The most common succession pattern Paige sees isn’t a clean generational handoff — it’s a grocery operator from a regional center absorbing the location into an existing business, which amounts to an informal consolidation with no policy framework and no guarantee of permanence. State support exists but is overextended: Minnesota’s Good Food Access Program received nearly three times more grant requests than available funding in 2025. Training programs like Columinate’s Mighty Community Markets course are beginning to address the skill gap Paige describes. A statewide U of M Extension survey of rural grocery conditions is planned for 2027 — meaning the most current comprehensive data is already several years old. “Increasing the fund would be one easy way to support grocery stores for the state to consider,” Paige said.
Winchester, the rural sociologist, argues that the communities that figure this out will do so the way rural Minnesota has always done things — with civic infrastructure. “We have managed all of these changes — school consolidations, farm crises, everything — through our chambers, our school boards, our city councils,” he said. “We have done all this with volunteers for decades. We’re still here.”
A quarter of rural residents are self-employed in some form. The entrepreneurial instinct is present. “In a small town,” Winchester said, “you can afford to try.”
Ryan Pesch tried. He came back to rural Minnesota when he could, built a supply chain out of 40 local vendors, and opened a store with his neighbors that surprises people who thought they knew what Detroit Lakes had to offer. Manna is not a solved problem — the competition is real, the margins are thin, the work is unglamorous.

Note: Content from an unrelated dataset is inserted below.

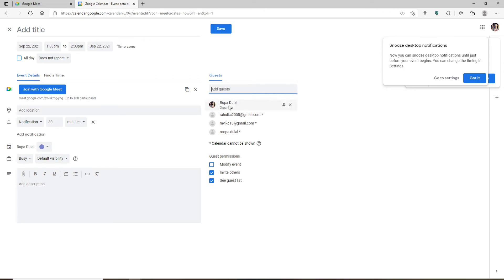If you don't want to do that, leave the box unchecked. Now, in order to hide your participants from one another, go ahead and uncheck the See Guest List box.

But the lights are on, the produce department is full, and wherever you are on the political spectrum there’s something for you on the shelf.
Across the Midwest, communities are making versions of the same bet. In Conway Springs, Kansas, a teacher and a welder built a replacement grocery store by hand after their town went without one for years.
In Minnesota, dozens of communities will face a similar reckoning as the current generation of owners ages out. The question isn’t whether rural Minnesota can sustain a grocery store; it’s whether the next generation shows up before the lights go out.